The neat lines and red rectangular sketches look like any typical architectural design. But the handwritten initials H.H. — belonging to the infamous Nazi SS chief Heinrich Himmler — indicate what the drawings represent: wooden barracks, gas chambers and crematoria.
Just ahead of the 65th anniversary of the liberation of Auschwitz, Israel's Holocaust memorial Yad Vashem is displaying the blueprints of the notorious death camp that has become a symbol of the Nazi genocide of European Jewry. It is the first time the plans will be on display for a wide audience.
Israeli Prime Minister Benjamin Netanyahu was expected to attend the exhibition's opening Monday shortly before flying to Poland to participate in the official commemorations at Auschwitz, where 1.1 million Jews were murdered in just over three years. Originally a World War I barracks in Poland, Auschwitz was converted to a death camp by the country's German occupiers during World War II.
The Associated Press was allowed to see the collection ahead of the opening.
The camp's name has become synonymous with the Holocaust because it reflected the meticulous German effort to rid Europe of its Jews — a plan dubbed the "Final Solution."
The blueprints illustrate the cold planning behind the plot. They include designs of the iconic watchtower entrance to the adjacent Birkenau camp, where trains transported Jews to their deaths, as well as pathway where the "Arbeit Macht Frei" sign was placed.
The sign, whose cynical Nazi slogan means "Work Sets You Free," was stolen last month and returned last week. The offices of Auschwitz commander Rudolf Hess and doctor Josef Mengele are seen in the blueprints.
"It is one thing to kill someone when you are angry, but to sit down and make plans for the biggest extermination camp that the world has even known and to plan it as if they were planning a parliament or a school or something is just mind-boggling," said Martha Weiss, a 77-year-old Auschwitz survivor who was among a small group of survivors invited to see the display ahead of its opening.
"Sometimes when I listen to myself I think, 'My God, this couldn't have happened. I must have dreamt it.' But unfortunately, it is all true and I lived though it and I was lucky to survive."
The administrative documents at Auschwitz were kept in an archive next to the main camp. The Nazis burned the archive shortly before the camp's liberation in an attempt to cover up their crimes. But some documents, kept in a separate building, survived and fell into Soviet hands, where they remained until the fall of the Berlin Wall.
In 2008, a set of documents, including 15 original plans of the camp, were found in an abandoned Berlin apartment. It is unclear how they arrived there. The German newspaper Bild obtained the blueprints and published them last year after authenticating them with Germany's federal archive.

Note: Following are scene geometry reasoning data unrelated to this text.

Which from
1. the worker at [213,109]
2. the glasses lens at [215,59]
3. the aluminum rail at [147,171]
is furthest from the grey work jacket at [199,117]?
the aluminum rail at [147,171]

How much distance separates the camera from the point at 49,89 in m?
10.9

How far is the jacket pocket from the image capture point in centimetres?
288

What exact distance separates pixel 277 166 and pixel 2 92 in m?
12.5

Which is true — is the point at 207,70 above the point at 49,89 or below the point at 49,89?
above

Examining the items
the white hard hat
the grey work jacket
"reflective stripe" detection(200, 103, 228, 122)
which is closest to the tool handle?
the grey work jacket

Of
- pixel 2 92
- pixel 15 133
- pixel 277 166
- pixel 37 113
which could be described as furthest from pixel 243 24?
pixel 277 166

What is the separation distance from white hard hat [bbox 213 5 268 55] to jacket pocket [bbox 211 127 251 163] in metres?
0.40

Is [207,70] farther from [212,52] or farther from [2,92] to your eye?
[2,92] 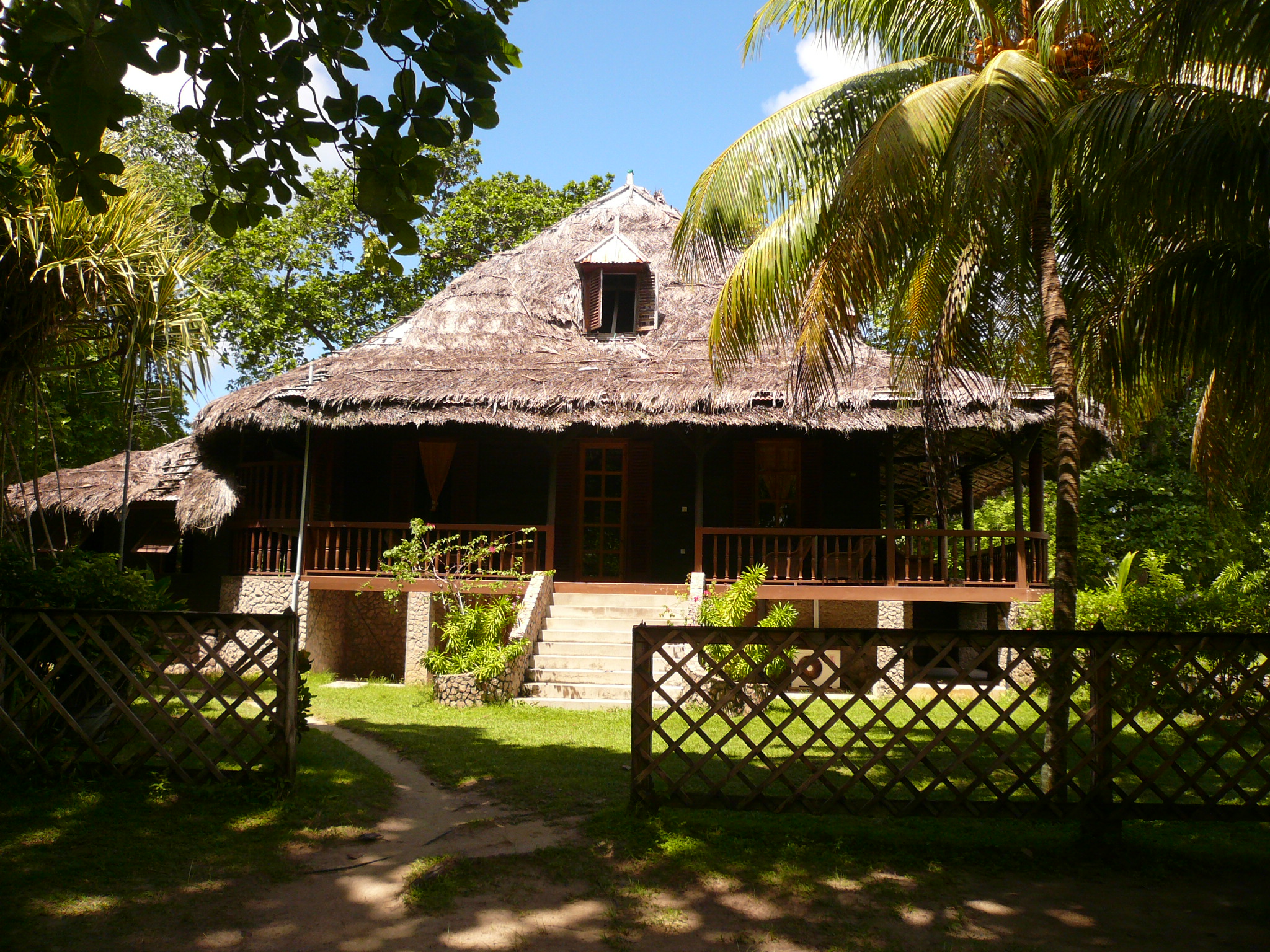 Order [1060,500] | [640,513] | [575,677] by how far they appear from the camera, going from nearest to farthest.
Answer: [1060,500] → [575,677] → [640,513]

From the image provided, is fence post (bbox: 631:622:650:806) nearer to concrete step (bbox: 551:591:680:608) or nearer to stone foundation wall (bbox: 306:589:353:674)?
concrete step (bbox: 551:591:680:608)

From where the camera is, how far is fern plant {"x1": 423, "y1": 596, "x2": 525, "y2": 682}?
9.83m

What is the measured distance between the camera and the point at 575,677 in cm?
1026

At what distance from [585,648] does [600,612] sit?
3.32ft

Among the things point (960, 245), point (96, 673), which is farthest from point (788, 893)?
point (960, 245)

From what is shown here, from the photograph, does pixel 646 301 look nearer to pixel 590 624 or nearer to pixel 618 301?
pixel 618 301

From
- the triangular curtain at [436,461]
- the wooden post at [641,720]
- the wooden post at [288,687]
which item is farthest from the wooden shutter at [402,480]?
the wooden post at [641,720]

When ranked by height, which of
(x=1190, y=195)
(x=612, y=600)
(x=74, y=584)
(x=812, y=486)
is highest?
(x=1190, y=195)

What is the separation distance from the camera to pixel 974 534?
12242mm

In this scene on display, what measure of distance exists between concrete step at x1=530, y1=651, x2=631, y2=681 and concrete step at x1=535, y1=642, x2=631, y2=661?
0.07 meters

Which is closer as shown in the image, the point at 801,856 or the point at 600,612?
the point at 801,856

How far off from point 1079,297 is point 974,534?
4954 mm

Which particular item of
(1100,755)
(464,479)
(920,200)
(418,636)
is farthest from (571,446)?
(1100,755)

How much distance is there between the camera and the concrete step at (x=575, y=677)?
400 inches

Bild presented the blueprints to Netanyahu in Berlin last August and they were to go on display at Yad Vashem Monday.
"The original plans detailing the construction of Auschwitz, constitute a graphic illustration of the Germans' systematic effort to carry out the Final Solution," said Yad Vashem Chairman Avner Shalev.
Shalev said the publication of the blueprints would help combat Holocaust denial and make sure that the lessons of the Holocaust remain fresh.
The blueprints include general plans for the original Auschwitz camp and its expansion to Birkenau camp, where most of the killings took place.
The exhibit also includes aerial photos of Auschwitz taken by the British airforce during the war, a report written by two Jews who escaped and quotes from SS men and Jewish prisoners about the facility. Some of the photos captured smoke billowing from the six crematoria that killed thousands of Jews a day.
A traveling version of the exhibition will open at the U.N. headquarters in New York on Tuesday.
Last September, Netanyahu waved the blueprints, sketched on yellowing parchment, at the U.N. General Assembly podium in an emphatic rebuke of Iranian President Mahmoud Ahmadinejad and his repeated questioning of the Holocaust.
Daniel Uziel, the historical adviser to the exhibition, said the blueprints did not add much to what is already known about the camps but they provide "a great illustration of the process of turning Auschwitz from a small Polish concentration camp to the center of the Holocaust."
An old World War I barrack for the Austro-Hungarian army, Auschwitz opened as a concentration camp in the summer of 1940. It was originally designed as a Soviet POW camp and its first prisoners were Polish. But because of its central location and its close access to natural resources, Himmler deemed it the perfect spot to implement the "Final Solution." In late 1941, it swiftly evolved into a highly efficient death camp.